A sample layout of ice floes with 3 penguins on them.
Input
On the first line one positive number: the number of testcases, at most 100. After that per testcase:
-
One line with the integer N (1 ≤ N ≤ 100) and a floating-point number D (0 ≤ D ≤ 100 000), denoting the number of ice pieces and the maximum distance a penguin can jump.
-
N lines, each line containing xi, yi, ni and mi, denoting for each ice piece its X and Y
coordinate, the number of penguins on it and the maximum number of
times a penguin can jump off this piece before it disappears (−10 000 ≤ xi, yi ≤ 10 000, 0 ≤ ni ≤ 10, 1 ≤ mi ≤ 200).
Output
Per testcase:
- One
line containing a space-separated list of 0-based indices of the pieces
on which all penguins can meet.
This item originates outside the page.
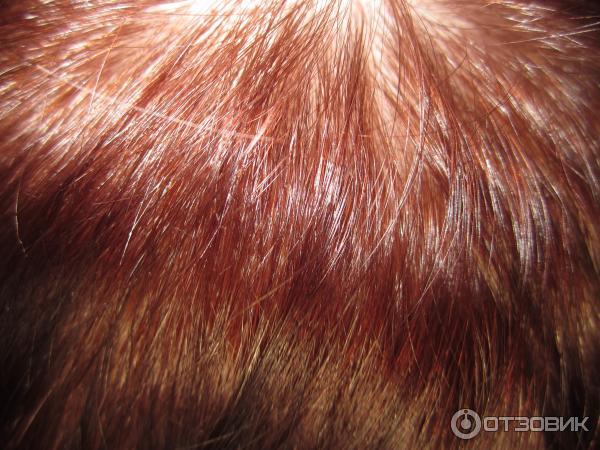 Краска для волос Garnier Color Naturals creme фото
If no such piece exists, output a line
with the single number −1.
Sample Input
2
5 3.5
1 1 1 1
2 3 0 1
3 5 1 1
5 1 1 1
5 4 0 1
3 1.1
-1 0 5 10
0 0 3 9
2 0 1 1
Sample Output
1 2 4
-1
題意:海上有些冰塊,冰塊上有些企鵝,現在所有企鵝要聚在一起,企鵝都有一樣的跳遠距離。一個企鵝登陸冰塊時,冰塊不會受損,但一個企鵝跳離冰塊,冰塊會受損,受損度為1。給出每個冰塊的坐標、能承受的受損度,還有企鵝的跳遠距離。問所有企鵝最后所在的位置。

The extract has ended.